1. It’s not you it’s me…
2. It’s you and you can’t afford me dealing with you.
3. It’s you, have a nice life.

Be an adult. Tell them you aren’t doing their property anymore.


----------



## Mark Oomkes (Dec 10, 2000)

Tell her no means no...


----------



## Randall Ave (Oct 29, 2014)

In the fall craigslist will be full of adds with people that will take her money. Steer her there now. Unless she's some type of relative, not your responsibility.


----------



## Hydromaster (Jun 11, 2018)

You just walk up to the client and say, ‘I break with thee, I break with thee, I break with thee’ …and then you throw dog poop on their shoes.


----------



## m_ice (Aug 12, 2012)

I still can't understand how you just can't tell her to pound sand?
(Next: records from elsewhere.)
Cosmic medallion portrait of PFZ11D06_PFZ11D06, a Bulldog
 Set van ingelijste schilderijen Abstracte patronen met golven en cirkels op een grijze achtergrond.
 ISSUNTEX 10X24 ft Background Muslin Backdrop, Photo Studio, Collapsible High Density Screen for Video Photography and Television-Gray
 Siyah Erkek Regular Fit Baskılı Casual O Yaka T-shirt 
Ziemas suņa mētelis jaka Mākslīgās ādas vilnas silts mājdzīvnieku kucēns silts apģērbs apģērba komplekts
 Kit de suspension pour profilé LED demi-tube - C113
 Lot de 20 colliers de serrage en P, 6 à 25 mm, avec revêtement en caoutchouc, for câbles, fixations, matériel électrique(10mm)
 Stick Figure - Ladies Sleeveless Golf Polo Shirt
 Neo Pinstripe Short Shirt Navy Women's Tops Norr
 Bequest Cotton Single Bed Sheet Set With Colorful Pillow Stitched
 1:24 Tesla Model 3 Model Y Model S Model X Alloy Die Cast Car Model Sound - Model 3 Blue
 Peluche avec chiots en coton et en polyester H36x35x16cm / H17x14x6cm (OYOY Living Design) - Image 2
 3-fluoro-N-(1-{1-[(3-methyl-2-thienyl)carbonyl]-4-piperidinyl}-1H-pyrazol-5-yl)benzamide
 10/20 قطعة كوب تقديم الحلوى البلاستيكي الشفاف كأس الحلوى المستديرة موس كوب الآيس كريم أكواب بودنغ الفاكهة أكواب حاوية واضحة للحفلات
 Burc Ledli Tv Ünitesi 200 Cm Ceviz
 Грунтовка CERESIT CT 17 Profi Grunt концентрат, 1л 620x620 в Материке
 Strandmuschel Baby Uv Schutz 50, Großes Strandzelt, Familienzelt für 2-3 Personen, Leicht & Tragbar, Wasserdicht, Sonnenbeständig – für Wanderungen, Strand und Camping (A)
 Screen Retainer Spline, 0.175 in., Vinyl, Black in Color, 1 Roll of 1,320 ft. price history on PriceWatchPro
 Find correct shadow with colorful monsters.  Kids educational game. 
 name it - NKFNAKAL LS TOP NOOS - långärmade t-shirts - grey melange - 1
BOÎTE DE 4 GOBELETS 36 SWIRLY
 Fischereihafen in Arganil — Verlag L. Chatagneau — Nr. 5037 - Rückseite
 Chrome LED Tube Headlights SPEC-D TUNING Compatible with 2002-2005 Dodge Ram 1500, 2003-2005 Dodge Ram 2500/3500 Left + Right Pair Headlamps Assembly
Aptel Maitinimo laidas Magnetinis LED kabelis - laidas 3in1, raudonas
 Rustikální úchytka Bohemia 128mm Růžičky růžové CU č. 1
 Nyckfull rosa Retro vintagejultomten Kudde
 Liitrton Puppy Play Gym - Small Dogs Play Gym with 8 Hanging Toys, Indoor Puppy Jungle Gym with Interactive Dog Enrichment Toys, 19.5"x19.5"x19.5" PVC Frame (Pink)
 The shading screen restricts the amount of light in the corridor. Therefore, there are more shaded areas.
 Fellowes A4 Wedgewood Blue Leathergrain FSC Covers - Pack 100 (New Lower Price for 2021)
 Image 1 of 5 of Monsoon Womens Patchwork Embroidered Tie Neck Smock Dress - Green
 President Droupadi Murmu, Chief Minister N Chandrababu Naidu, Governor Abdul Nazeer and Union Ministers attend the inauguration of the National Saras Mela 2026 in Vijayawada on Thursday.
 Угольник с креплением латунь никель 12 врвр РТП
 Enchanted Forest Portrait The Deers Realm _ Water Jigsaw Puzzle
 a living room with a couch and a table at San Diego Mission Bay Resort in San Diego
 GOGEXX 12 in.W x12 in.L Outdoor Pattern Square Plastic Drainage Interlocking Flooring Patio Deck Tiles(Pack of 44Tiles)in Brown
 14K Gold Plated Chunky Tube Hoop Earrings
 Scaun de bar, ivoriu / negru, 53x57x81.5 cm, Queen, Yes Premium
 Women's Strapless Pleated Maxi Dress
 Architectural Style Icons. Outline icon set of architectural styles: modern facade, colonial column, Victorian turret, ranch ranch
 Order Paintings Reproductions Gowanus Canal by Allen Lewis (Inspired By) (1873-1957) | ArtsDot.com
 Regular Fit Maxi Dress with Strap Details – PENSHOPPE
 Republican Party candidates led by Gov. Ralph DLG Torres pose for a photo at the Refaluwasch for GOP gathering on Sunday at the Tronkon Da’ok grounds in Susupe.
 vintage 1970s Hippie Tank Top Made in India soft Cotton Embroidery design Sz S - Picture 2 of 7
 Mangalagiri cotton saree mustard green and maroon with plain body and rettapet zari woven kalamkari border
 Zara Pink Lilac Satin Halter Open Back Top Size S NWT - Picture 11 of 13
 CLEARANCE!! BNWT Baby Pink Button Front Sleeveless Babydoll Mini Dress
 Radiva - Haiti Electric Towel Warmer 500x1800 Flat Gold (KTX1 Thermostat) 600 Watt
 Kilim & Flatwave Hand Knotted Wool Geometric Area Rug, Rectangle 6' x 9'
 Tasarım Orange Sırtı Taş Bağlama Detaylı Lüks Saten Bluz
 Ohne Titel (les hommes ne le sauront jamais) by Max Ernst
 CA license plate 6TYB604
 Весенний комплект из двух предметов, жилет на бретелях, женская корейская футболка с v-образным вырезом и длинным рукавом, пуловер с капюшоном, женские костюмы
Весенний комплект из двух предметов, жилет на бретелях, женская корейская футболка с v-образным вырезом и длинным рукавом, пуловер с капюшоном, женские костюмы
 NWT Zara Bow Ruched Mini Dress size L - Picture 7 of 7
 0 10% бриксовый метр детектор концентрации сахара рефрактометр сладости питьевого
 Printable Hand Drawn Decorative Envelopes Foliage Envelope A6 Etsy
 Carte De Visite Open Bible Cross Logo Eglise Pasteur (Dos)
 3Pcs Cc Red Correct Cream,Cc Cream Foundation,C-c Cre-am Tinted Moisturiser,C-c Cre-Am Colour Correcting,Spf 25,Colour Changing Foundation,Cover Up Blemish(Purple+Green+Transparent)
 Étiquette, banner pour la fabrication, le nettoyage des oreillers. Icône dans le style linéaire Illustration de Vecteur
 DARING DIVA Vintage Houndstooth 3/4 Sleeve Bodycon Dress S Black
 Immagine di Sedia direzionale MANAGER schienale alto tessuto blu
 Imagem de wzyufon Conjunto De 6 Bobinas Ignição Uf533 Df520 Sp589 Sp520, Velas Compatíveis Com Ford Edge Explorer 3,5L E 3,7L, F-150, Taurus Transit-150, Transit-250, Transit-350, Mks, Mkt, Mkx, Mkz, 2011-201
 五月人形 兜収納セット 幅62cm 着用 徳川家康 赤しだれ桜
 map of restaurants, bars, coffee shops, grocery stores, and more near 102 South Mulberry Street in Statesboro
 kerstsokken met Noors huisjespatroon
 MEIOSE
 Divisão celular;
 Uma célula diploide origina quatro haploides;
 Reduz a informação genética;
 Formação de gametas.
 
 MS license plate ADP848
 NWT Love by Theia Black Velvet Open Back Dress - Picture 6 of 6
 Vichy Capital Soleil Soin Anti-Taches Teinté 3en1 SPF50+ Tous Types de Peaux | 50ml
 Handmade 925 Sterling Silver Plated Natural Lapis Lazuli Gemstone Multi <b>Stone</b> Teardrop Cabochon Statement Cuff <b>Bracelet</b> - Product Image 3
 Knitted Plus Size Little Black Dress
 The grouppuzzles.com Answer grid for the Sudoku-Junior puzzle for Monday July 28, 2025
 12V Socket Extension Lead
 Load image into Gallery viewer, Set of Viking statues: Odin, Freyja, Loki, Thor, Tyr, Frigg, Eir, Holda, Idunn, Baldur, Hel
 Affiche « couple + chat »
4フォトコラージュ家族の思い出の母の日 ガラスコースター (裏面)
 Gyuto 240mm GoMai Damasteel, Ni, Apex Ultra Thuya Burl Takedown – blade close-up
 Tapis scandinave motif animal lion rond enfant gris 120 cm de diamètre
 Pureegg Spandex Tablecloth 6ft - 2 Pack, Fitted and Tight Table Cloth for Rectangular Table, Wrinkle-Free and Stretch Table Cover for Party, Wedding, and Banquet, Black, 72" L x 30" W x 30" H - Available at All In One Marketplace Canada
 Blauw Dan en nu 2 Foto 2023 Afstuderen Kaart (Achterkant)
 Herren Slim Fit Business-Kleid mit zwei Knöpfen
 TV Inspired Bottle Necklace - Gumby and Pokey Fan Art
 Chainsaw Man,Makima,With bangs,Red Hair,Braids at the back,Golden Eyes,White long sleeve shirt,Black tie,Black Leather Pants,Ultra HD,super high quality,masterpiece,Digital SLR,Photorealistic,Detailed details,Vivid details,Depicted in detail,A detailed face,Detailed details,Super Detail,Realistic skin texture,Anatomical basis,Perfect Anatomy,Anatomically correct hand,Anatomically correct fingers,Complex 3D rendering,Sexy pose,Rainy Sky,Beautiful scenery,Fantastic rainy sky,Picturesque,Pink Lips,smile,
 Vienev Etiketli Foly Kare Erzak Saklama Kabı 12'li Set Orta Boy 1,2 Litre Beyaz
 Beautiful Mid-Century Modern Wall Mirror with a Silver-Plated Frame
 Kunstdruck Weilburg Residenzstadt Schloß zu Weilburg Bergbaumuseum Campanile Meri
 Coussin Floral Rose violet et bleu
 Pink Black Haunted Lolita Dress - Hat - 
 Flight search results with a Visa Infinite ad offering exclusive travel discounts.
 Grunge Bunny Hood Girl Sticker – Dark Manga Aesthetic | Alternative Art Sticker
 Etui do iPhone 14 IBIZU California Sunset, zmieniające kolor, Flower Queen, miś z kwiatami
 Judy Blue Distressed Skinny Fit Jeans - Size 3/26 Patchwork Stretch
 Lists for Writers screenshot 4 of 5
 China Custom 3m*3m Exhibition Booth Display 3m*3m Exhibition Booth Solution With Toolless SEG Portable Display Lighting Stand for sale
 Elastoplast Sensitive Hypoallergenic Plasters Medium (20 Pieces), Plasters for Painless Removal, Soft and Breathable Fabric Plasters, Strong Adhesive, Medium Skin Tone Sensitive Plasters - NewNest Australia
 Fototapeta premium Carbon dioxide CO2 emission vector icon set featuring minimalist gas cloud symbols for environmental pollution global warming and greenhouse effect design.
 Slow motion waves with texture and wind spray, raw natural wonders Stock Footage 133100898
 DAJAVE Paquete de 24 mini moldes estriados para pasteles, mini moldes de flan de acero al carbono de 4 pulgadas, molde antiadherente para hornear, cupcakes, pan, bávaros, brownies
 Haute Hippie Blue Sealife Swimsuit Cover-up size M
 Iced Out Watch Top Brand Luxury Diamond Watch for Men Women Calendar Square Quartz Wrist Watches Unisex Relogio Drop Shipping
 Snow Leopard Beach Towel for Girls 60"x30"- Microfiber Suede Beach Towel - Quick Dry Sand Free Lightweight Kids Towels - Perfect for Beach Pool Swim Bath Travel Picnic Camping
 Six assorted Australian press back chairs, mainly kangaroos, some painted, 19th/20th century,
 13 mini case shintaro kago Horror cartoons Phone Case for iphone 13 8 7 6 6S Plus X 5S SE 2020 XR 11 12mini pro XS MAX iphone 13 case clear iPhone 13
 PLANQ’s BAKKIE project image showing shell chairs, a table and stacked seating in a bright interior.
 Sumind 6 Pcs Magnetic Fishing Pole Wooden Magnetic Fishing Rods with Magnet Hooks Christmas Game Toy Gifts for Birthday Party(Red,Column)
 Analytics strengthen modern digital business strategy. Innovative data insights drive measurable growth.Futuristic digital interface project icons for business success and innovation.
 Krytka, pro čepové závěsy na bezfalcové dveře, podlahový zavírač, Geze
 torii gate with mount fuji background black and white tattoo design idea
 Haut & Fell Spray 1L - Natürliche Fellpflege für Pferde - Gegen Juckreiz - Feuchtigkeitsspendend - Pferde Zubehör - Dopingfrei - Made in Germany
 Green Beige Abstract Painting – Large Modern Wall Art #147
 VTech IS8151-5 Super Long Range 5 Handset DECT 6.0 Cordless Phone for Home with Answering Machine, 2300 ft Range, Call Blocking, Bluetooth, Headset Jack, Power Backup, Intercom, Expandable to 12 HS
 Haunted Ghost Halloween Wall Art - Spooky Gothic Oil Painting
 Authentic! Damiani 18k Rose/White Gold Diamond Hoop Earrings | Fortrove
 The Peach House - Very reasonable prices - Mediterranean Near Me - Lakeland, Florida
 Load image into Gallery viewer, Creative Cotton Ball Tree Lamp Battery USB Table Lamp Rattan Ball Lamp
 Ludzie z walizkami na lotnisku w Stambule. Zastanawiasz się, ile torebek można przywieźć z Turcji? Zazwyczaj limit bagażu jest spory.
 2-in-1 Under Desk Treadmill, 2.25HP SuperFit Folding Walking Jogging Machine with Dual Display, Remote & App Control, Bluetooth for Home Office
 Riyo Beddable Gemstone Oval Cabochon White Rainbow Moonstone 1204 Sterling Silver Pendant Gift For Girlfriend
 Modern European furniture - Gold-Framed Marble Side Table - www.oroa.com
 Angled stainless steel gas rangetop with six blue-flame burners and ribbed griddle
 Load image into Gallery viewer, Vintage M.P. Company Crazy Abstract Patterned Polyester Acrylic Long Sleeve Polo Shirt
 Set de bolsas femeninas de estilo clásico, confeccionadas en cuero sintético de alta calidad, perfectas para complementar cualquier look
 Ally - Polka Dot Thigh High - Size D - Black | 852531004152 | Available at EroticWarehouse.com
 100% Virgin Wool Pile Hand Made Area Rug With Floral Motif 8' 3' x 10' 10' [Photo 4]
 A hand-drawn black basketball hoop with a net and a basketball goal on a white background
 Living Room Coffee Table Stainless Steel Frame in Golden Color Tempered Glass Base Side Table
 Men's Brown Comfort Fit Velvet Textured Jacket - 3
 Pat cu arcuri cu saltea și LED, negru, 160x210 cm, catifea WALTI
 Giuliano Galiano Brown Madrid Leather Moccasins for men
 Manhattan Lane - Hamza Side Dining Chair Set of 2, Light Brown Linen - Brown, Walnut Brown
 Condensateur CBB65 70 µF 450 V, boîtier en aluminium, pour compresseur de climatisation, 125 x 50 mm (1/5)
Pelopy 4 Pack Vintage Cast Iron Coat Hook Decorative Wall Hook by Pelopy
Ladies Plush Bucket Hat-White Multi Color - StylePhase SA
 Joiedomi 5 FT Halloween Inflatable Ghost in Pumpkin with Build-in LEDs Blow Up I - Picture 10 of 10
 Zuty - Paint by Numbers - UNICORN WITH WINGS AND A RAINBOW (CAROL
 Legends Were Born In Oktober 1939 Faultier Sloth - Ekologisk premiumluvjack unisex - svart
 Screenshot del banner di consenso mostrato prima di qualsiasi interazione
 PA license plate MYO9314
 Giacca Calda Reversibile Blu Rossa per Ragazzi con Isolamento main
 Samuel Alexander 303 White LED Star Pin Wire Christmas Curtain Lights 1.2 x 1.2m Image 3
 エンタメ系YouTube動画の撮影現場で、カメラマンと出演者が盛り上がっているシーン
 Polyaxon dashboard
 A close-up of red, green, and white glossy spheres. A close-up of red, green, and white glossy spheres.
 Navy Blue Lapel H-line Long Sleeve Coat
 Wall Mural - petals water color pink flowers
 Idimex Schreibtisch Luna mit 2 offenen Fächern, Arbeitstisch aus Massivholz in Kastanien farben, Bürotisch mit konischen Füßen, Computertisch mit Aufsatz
Even if you're passive there's ways of saying no without being a jerk.


----------



## the Suburbanite (Jan 27, 2018)

Mark Oomkes said:


> Tell her no means no...


My squarebody, my choice


----------



## NYH1 (Jan 10, 2009)

Nwplawncare said:


> I have this needy customer done her driveway with a snowblower 2 or 3 seasons then plowed it plus snowblowed all the extras for 3 season. Told her this year in feb. That im not plowing this next winter. She insists I need to find her a replacement... thats why I told her in feb... she's a pain in the butt with the plowing plus snowblowing nobody wants the job I guess. I asked 1 kid he said no shes asked a few I guess they said no too what do I do?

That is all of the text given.